How We Work in Big Data & Data Science
Improving user engagement is our number one priority while developing our products. We need to understand the interests of our users, their habits and how they interact with the product to give the users what they want and keep them engaged. It is not an easy task to accomplish, but it is definitely an essential factor in building a product that users love. We listen to our users all the time by analyzing their behaviors and generating insights to see what works and what doesn't.
Delivering on this promise requires a two-fold approach: (i) Building the data pipeline and SDKs to do a lot of heavy lifting for our products when it comes to data collection and the processing of this data, and (ii) democratizing the data access within the company to enable everyone to slice & dice the data we accumulate.
Our Big Data team is responsible for building end-to-end data pipelines and delivering the processed data to the target services so that our Data Science team can enable everyone to generate actionable insights.
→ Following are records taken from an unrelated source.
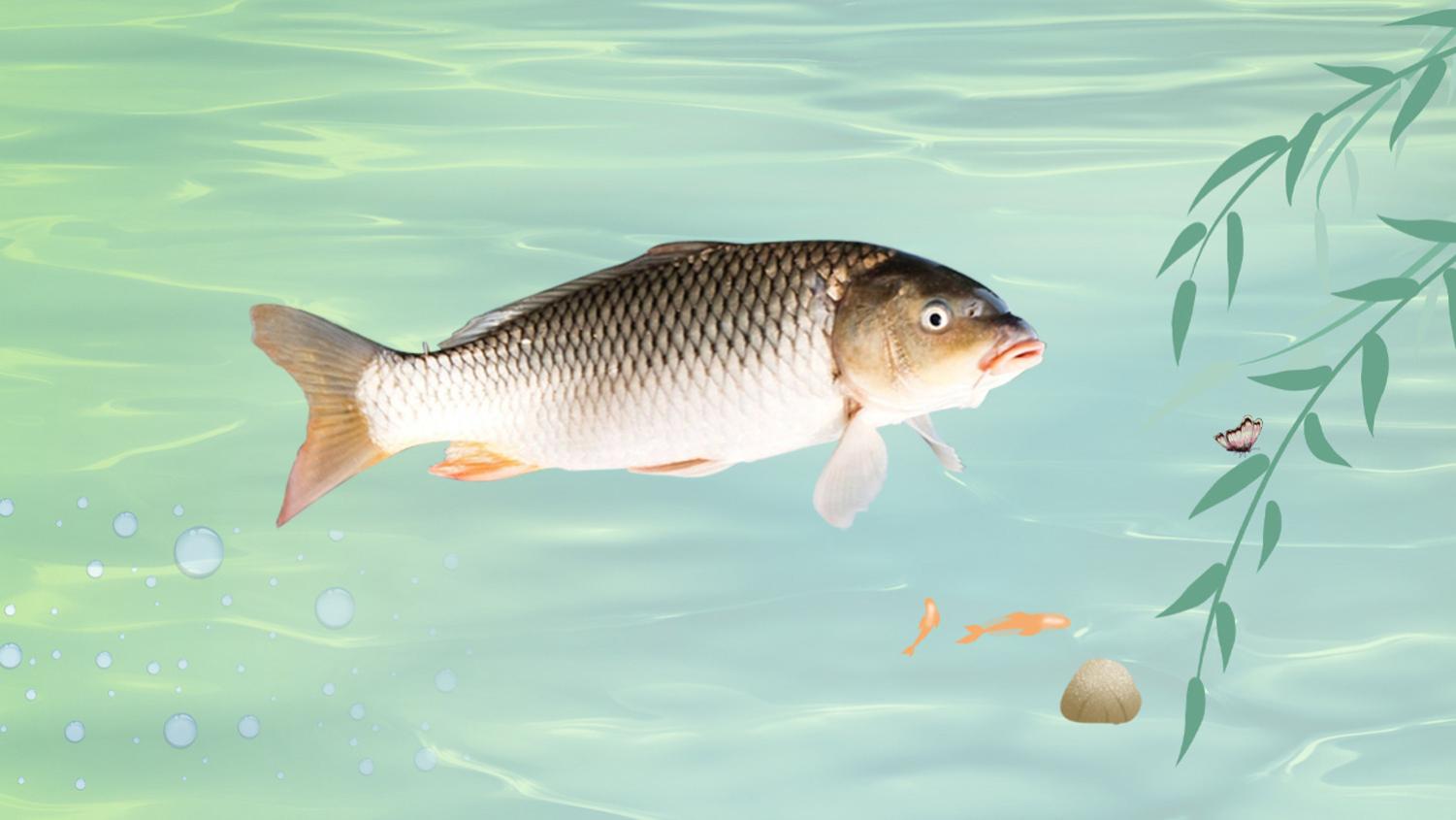 初春瘦水钓鱼用饵的5个技巧，用对饵钓得多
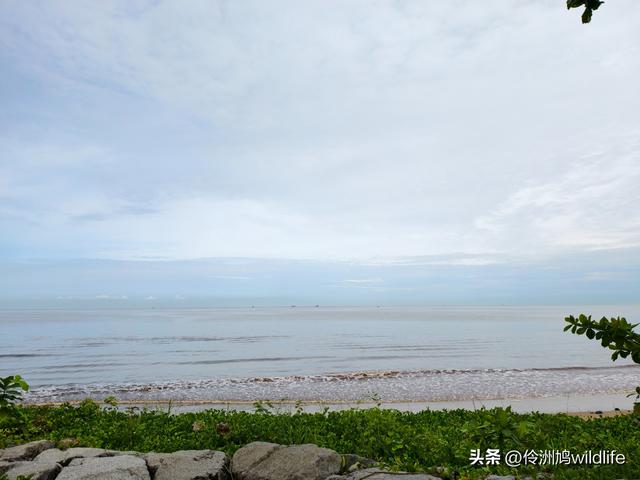 马来西亚(33)砂拉越州⑦美里市加拿大山、海滨公园等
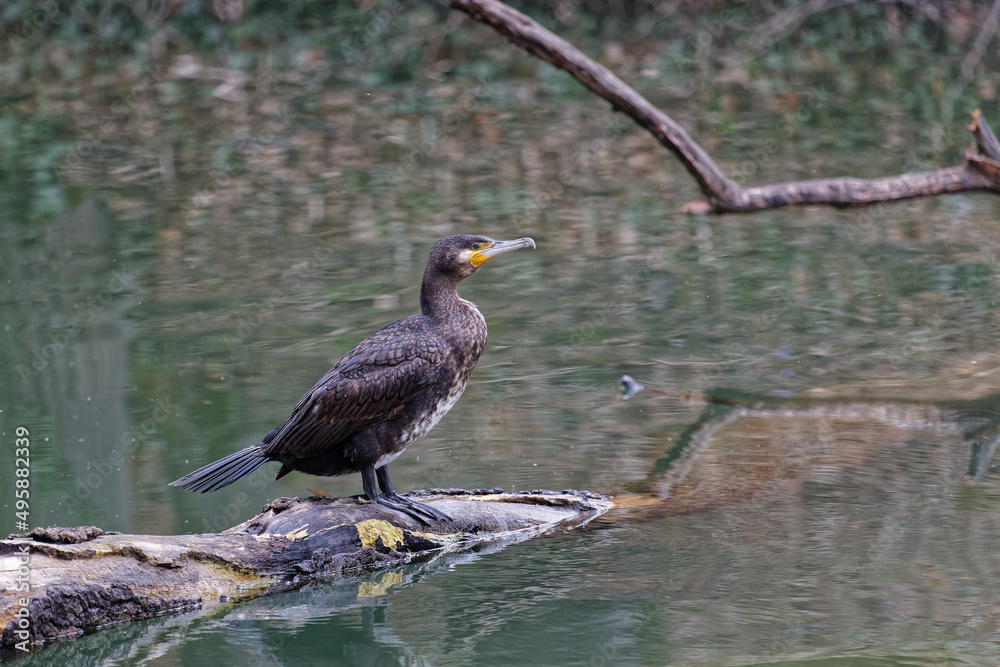 A great cormorant on a foating branch A great cormorant on a foating branch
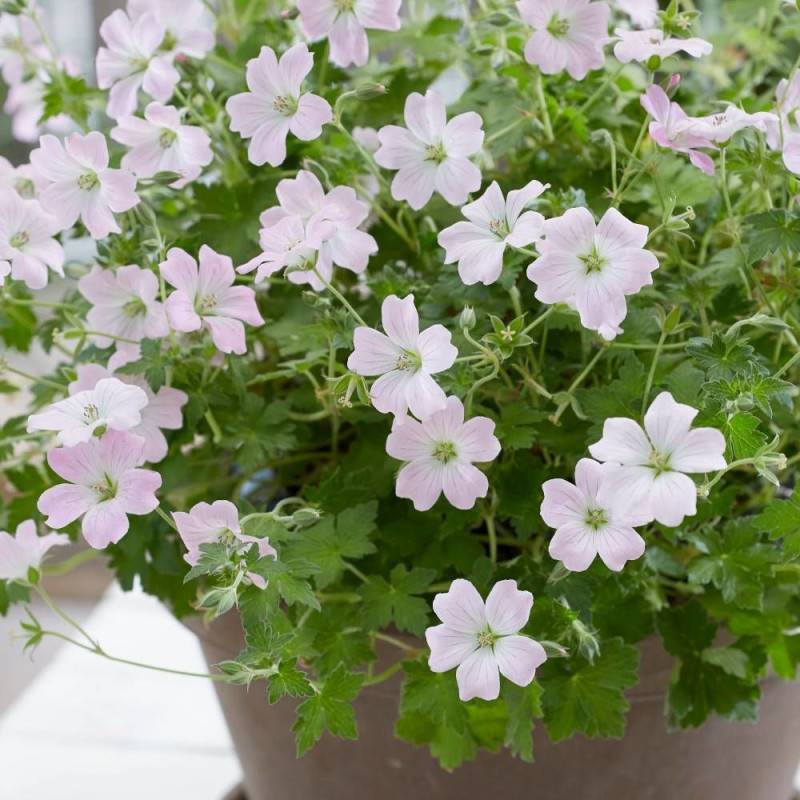 Géranium vivace Dreamland® à fleurs Rose/ - feuillage Persistant - Godet - 5/20 cm - Imagen 4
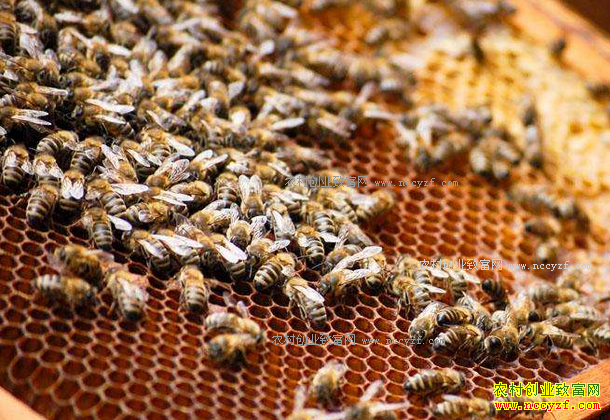 �Ĵ���˧���������۷������¸�·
However, technology itself isn't enough to create impact: embracing this technology is vitally important. Luckily, we’ve got a team with a never-ending appetite for learning and experimentation, which ultimately empowers a data driven culture.
Our approach to building data services is simple. Technology for the sake of technology is meaningless. Technology is most effective when it is purpose-driven; hence it should be targeted towards a purpose. We always aim to maximize the value we create when developing new services and that's how we make technology truly work for our users.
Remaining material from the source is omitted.